Updated: October 4, 2016
Reproduciblity can occur at every step in the history of your project. How easy will it be for others or your future self to answer these questions?
BOLDED questions are required (check these first) and the others are suggested (we aim for maximum reproducibility, please read them and consider how your project fits into these guidelines).
Aims
- Do good science.
- Think about the whole analysis pipeline.
- Do not do anything by hand if you can avoid it.
- Use version control whenever possible.
- Document, document, document.
Data
- Are original data files saved as read-only in the appropriate folder?
- Do all intermediate data files have clear documentation regarding their provenance?
Documentation
- Did you create a README?
- Is it clear where to begin? (e.g., can someone picking a project up see where to start running it)
- Are all files in the appropriate folders as described by the File and Folder SOPs?
- Can you determine which file(s) was/were used as input in a process that produced a derived file?
- Do not save output files, save data + code + documentation instead.

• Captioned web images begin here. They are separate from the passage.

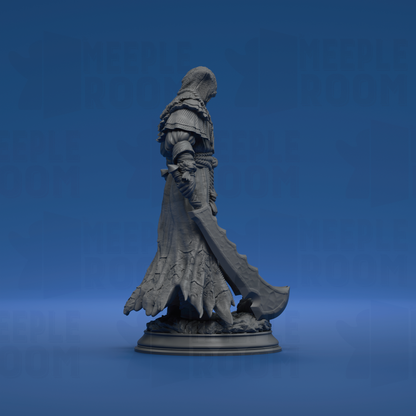 32_Quorenderi_sRazor-ExecutionerOfTheDeepOne_25base_02_right.png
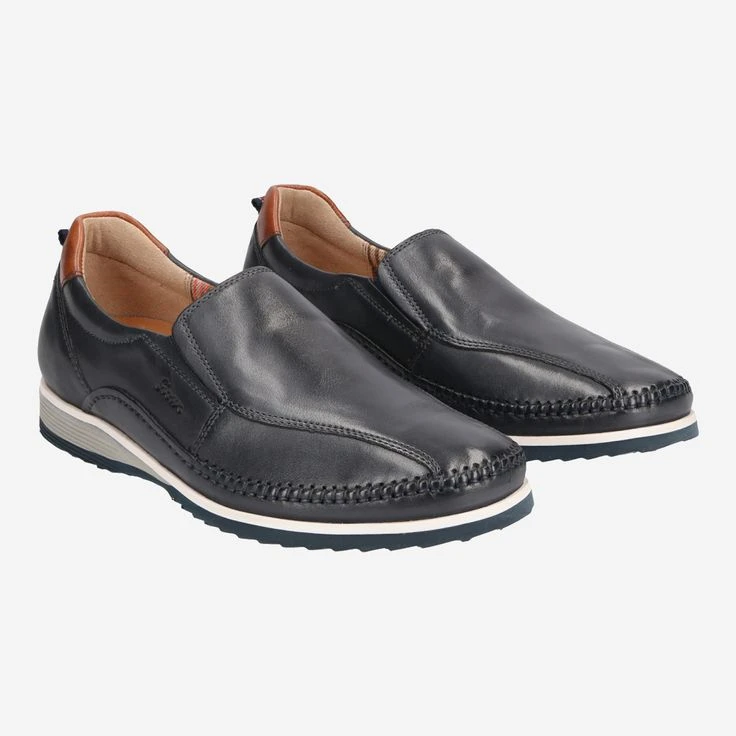 Art. 37841 HAJOKO-700 - Blue - Image 2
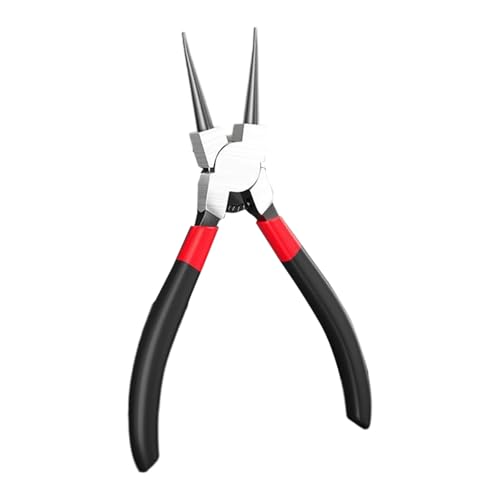 5 C`/OT[Nbv vC[ XvOlԍHwɊÂnhtCƎOO z[X KXPbg Xibv O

Only save output if you have very clearly documented how it was created.
- Have you cited everything that should be cited? (code, data, etc.)
- Is there documentation about every result?

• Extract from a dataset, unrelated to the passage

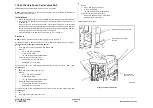 Предварительный просмотр 586 страницы Xerox WC5545F Service Manual
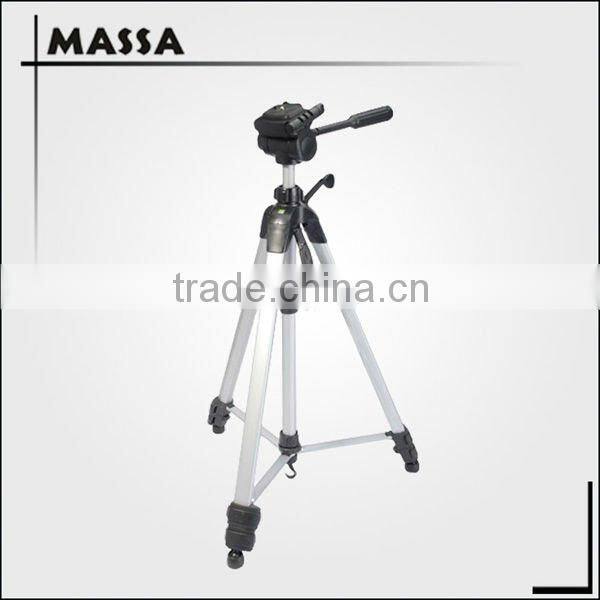 Flexible tripod small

- Is the statistical methods section written to include every method performed?
- Have you noted the exact version of every external application used in the process?

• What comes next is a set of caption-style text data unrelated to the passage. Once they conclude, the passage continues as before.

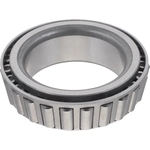 Order NATIONAL BEARINGS - 29586 - Tapered Cone Bearings For Your Vehicle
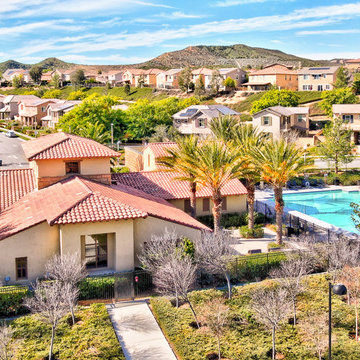 Santa Clarita Real Estate Photography Videography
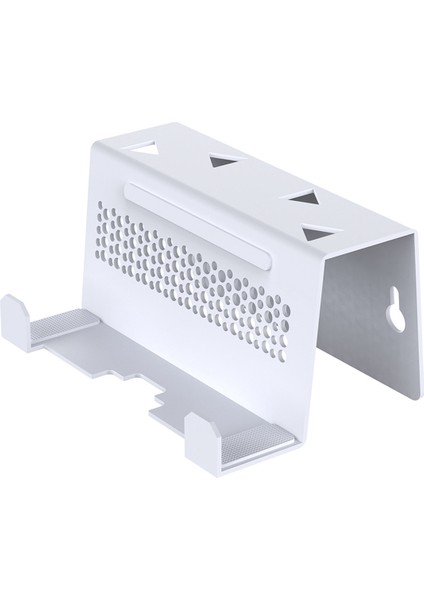 Elde Taşınabilir Duvara Monte Depolama Braketi (Yurt Dışından)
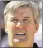  ??  ?? Mike MacIntyre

- For analyses that include randomness, have you noted the underlying random seed(s)?
- Have you specified the license under which you’re distributing your content, data, and code?
- Have you noted the license(s) for others peoples’ content, data, and code used in your analysis?
Organization
- Which is the most recent data file/code?
- Where did a file that you didn’t generate come from?
- Which files/folders can I safely delete?
- Keep older files in an archive.
- Can you find a file for a particular replicate of your research project?
- Have you stored the raw data behind each plot?
- Is your analysis output done hierarchically? (allowing others to find more detailed output underneath a summary)
- Do you run backups on all files associated with your analysis?
- Add the project folder to the TapeBackup folder on the server.
- How many times has a particular file been generated in the past?
- Why was the same file generated multiple times?
Automation
- Are there manual data manipulation steps? If so, are they clearly documented?
- Are there hard coded values in the code or in tables or reports? Avoid this if possible.
- Are all custom scripts under version control?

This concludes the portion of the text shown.